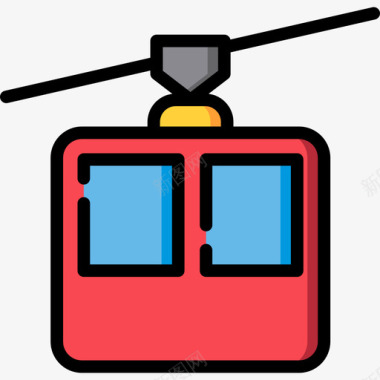 圆圈里缆车动物园里直线颜色图标图标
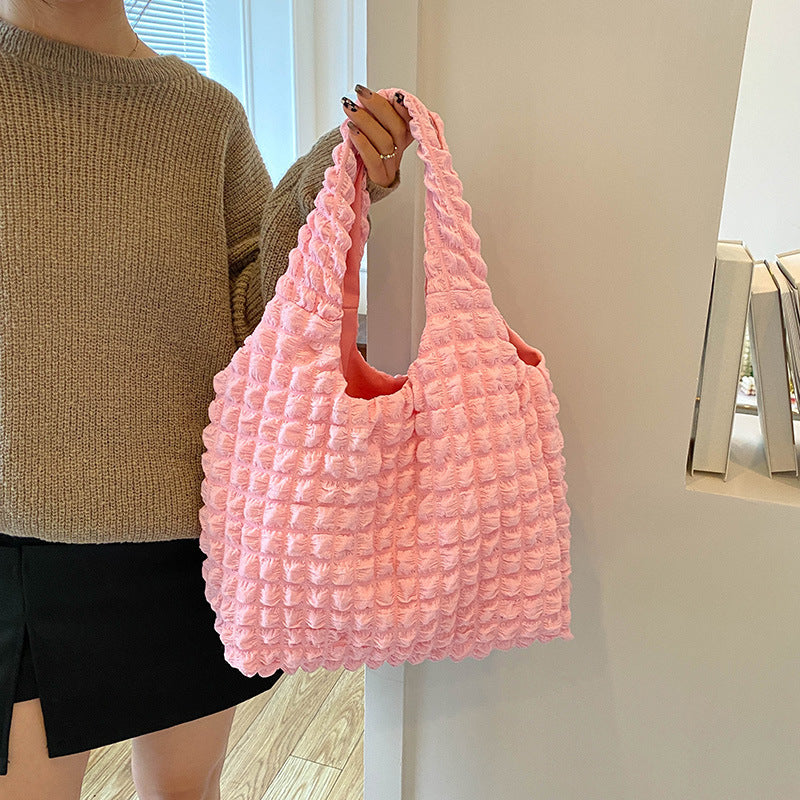 Textured Bubble Knit Shoulder Tote in Rose Pink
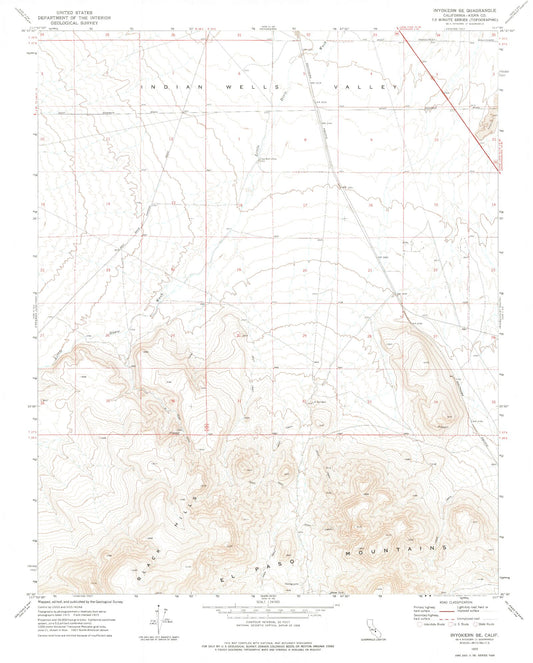 Classic USGS Inyokern SE California 7.5'x7.5' Topo Map Image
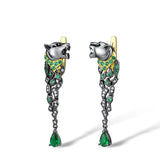 Boucles D'Oreilles Léopard Zircon Vert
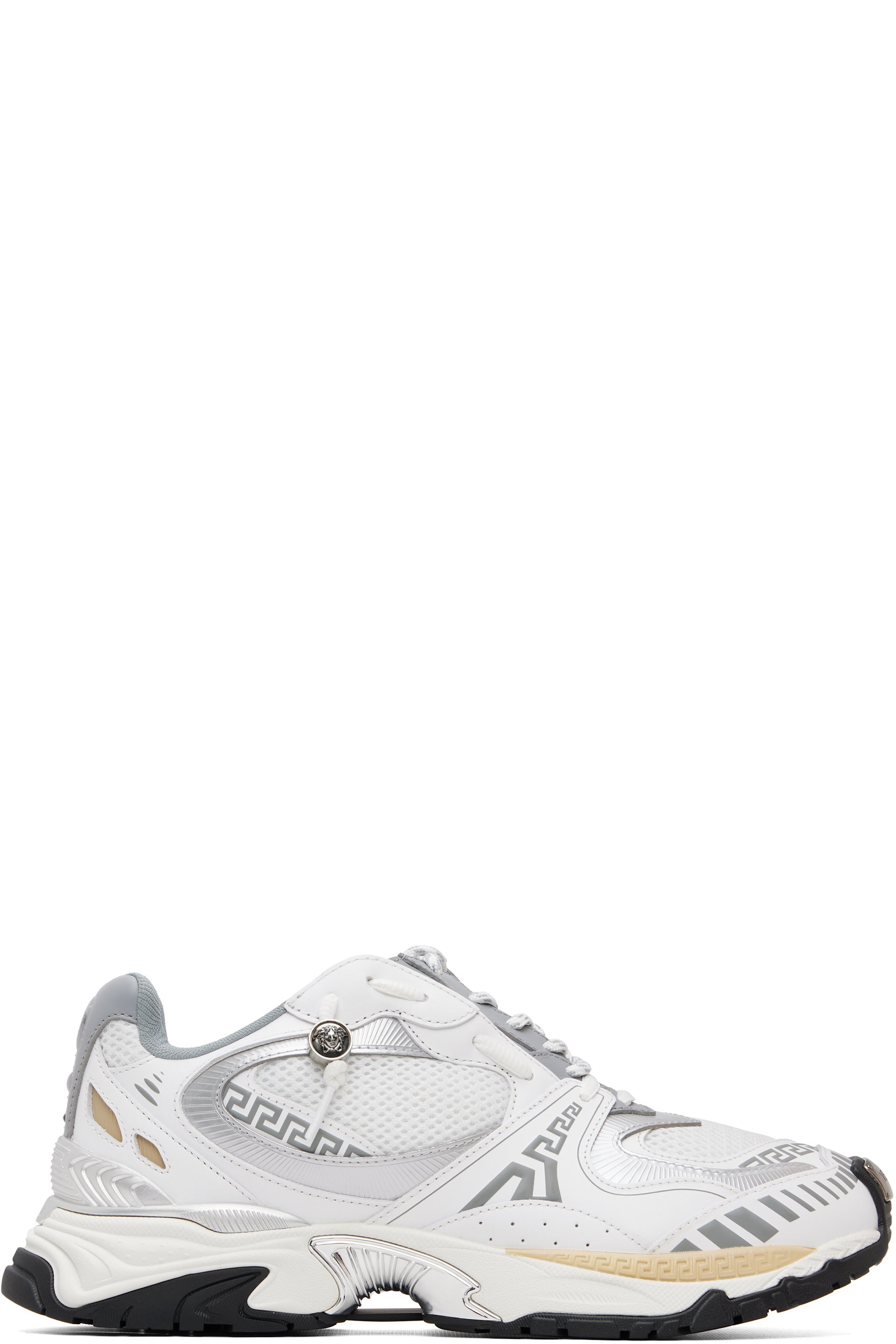 Versace - Baskets Icaro blanches en cuir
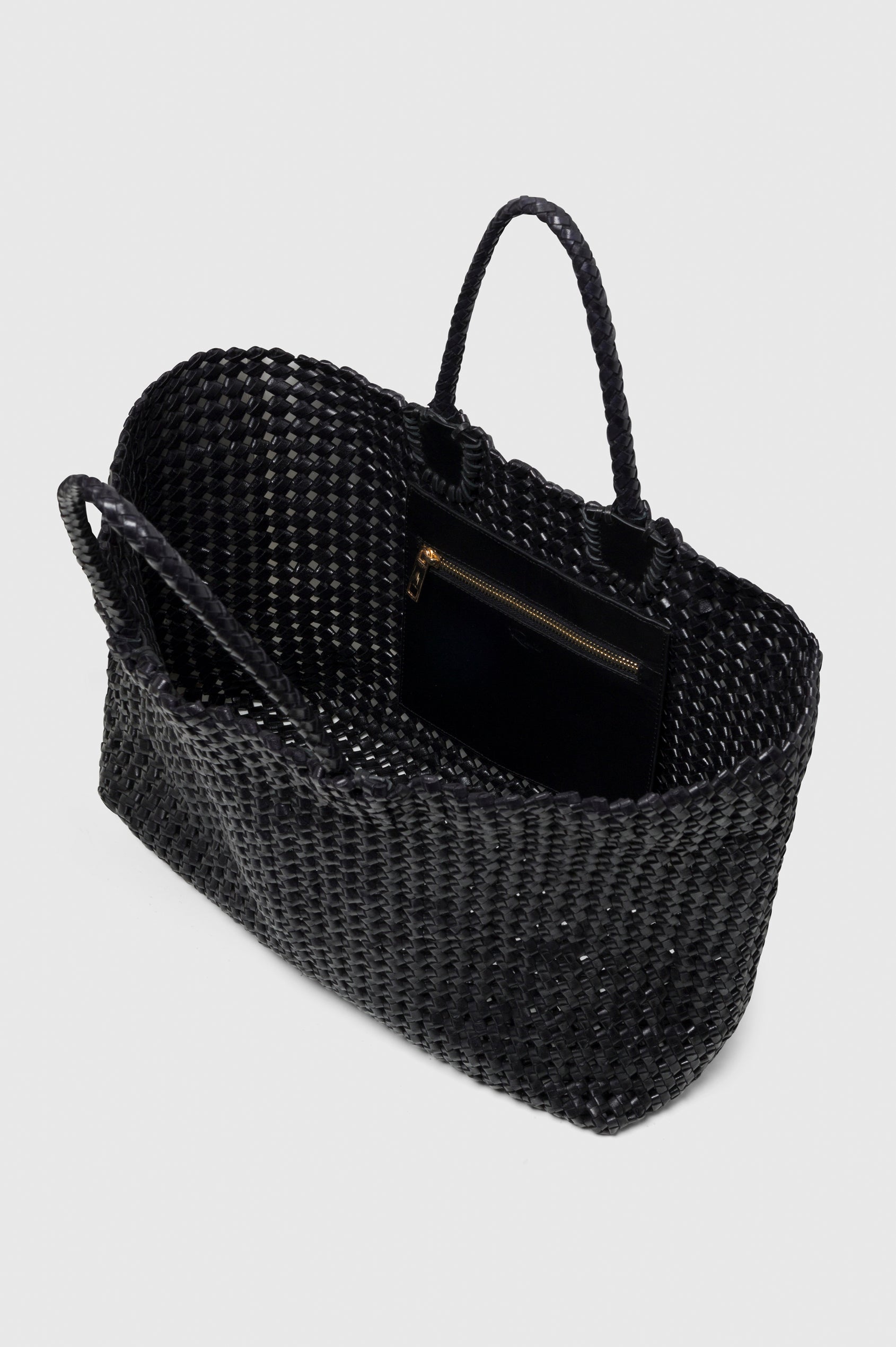 Brava oversized woven tote bag in Black - view of open bag with interior pocket
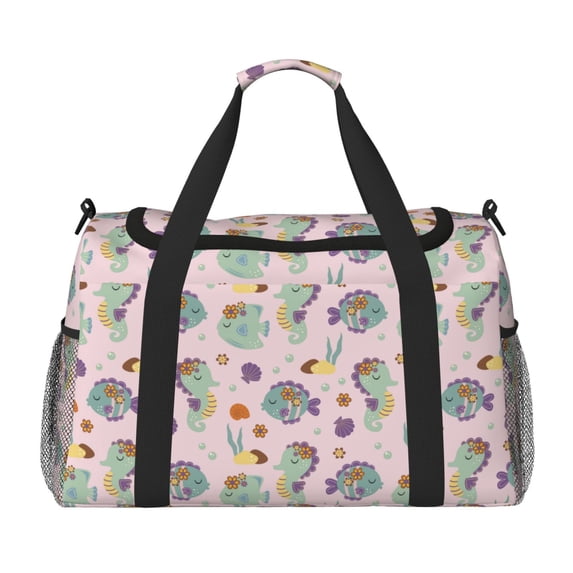 Kdxio Fish Seahorse Travel Duffel Bag Gym Bag Weekender Travel Bag Gym Bag for Women &Men Airplane Travel Essentials for Flying
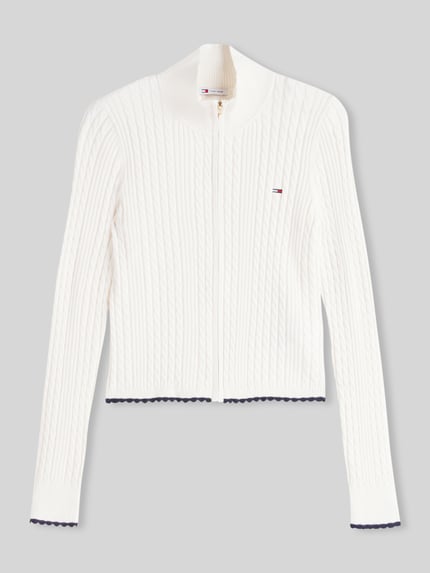 Tommy Jeans Slim Fit Strickjacke aus Viskose-Mix Weiss 2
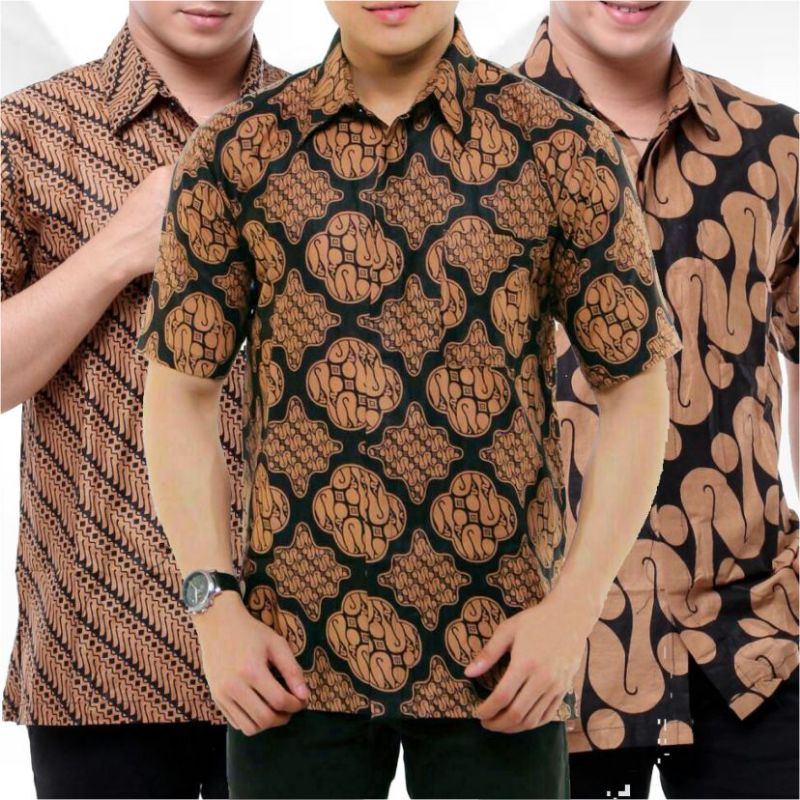 (COD) Dress Brokat Bunga Zigzag Lawasan BestSeller Seragam Batik Kantoran Baju Kondangan dress batik-Kemeja motif acak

◆ WHAT THE TASK ASKS: Return every line above verbatim, pictures excluded.

◆ COMPLETED EXERCISE:
 圆圈里缆车动物园里直线颜色图标图标
 Textured Bubble Knit Shoulder Tote in Rose Pink
 Classic USGS Inyokern SE California 7.5'x7.5' Topo Map Image
 Boucles D'Oreilles Léopard Zircon Vert
 Versace - Baskets Icaro blanches en cuir
 Brava oversized woven tote bag in Black - view of open bag with interior pocket
 Kdxio Fish Seahorse Travel Duffel Bag Gym Bag Weekender Travel Bag Gym Bag for Women &Men Airplane Travel Essentials for Flying
 Tommy Jeans Slim Fit Strickjacke aus Viskose-Mix Weiss 2
 (COD) Dress Brokat Bunga Zigzag Lawasan BestSeller Seragam Batik Kantoran Baju Kondangan dress batik-Kemeja motif acak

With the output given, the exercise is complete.